You can't just prompt-engineer your way to a great customer experience.
Building with agents for internal productivity is one thing. Building agents for customers is a different challenge—one that requires cross-functional orchestration before a sketch, roadmap, or single line of code is written.
The biggest shift in the agentic era isn't a new Figma plugin. It's the shift from designing static interfaces to designing coordinated behavior—across signals, guardrails, channels, and handover points that most teams haven't mapped yet. I built the Agent UX Canvas to make that work concrete.

Each block surfaces a decision that can't be made by one person or one team. Expect to revisit them across multiple sessions with product, engineering, legal, and design before they're truly complete.
Define what the agent is trying to accomplish and for whom
Intent is the north star of your agent. It answers: if this agent runs perfectly, what state of the world has changed? A well-formed intent distinguishes the agent's immediate output from the actual outcome. Intent also sets scope—what the agent is responsible for vs. what sits outside its remit.
Identify the inputs the agent reads to form context and decisions
Signals are the raw material an agent uses to understand its situation — structured data, unstructured content, user-provided context, and environmental state. A critical distinction: required signals (without which the agent cannot proceed) vs. enrichment signals that improve quality but aren't blockers.
Specify the conditions that initiate agent behavior
Triggers define activation logic: what observed state or event causes the agent to begin a task. They can be event-driven, schedule-driven, threshold-driven, or manually initiated. Explicitly mapping triggers prevents agents that fire too eagerly on ambiguous signals — and agents that sit idle waiting for conditions never clearly met.
Catalog the tools, operations, and capabilities the agent can invoke
Actions are the agent's vocabulary of behavior — operations it executes against the world. API calls, file reads and writes, form submissions, database queries, communication sends, calls to sub-agents. Each action carries a cost profile (latency, failure rate) and a risk level (read-only vs. destructive).
Calibrate how much the agent decides vs. defers to humans
Autonomy is a spectrum.
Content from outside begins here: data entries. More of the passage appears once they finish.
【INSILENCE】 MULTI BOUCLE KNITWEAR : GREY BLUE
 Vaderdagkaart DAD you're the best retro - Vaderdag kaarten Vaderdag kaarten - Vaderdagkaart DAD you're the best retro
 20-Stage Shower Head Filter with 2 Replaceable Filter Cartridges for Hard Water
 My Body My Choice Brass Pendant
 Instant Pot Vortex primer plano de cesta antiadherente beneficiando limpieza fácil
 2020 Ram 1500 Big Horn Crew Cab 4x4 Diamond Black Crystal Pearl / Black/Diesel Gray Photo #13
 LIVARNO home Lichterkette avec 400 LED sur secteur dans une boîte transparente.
At one end: the agent executes entirely without review. At the other: it surfaces recommendations and waits for explicit approval. The right level depends on the stakes, the reliability of the agent, and the cost of a mistake. Map each action to an autonomy tier and identify the escalation path when confidence is low.
Define who grants permission and what the agent is allowed to access
Authorization is distinct from autonomy. Autonomy governs how often humans review decisions; authorization governs what the agent is permitted to do at all. This block surfaces the consent model — who must opt in, what data is readable vs. storable, what actions require a second party. Also covers revocation: how does a user withdraw agent access, and how quickly?
Design the surfaces and interaction patterns users engage with
Widgets are the touchpoints where agent and user meet. Inventory the interface surfaces: chat threads, dashboard panels, email digests, in-app notifications, API webhooks, voice interfaces. For each surface, define the interaction modality — does the user provide input upfront, respond mid-task, or receive a completed output?
Set the constraints that prevent harmful, wrong, or off-scope behavior
Guardrails are the system's immune response. Hard constraints (actions the agent must never take), soft constraints (behaviors that trigger review), content filters, rate limiters, and output validators. Design around failure mode analysis: what are the realistic ways this agent could behave badly, and what check catches each one?
Define the metrics and instrumentation that reveal agent performance
You cannot improve what you don't measure. Define outcome metrics (did the user accomplish their goal?) and operational metrics (latency, error rate, token cost, task completion rate). Identify leading indicators that predict problems before users notice. Instrumentation design is part of this: which events must be logged, at what granularity, and how is ground truth established?
Build the feedback infrastructure that drives continuous improvement
Measurements tell you what happened; the feedback loop determines what you do about it. Design the pipeline from raw telemetry to actionable improvement: user ratings, implicit signals (retry rate, abandonment, manual edits), and automated eval suites. How does the agent learn — through prompt updates, fine-tuning, retrieval refreshes? Define a deployment cadence and rollback protocol.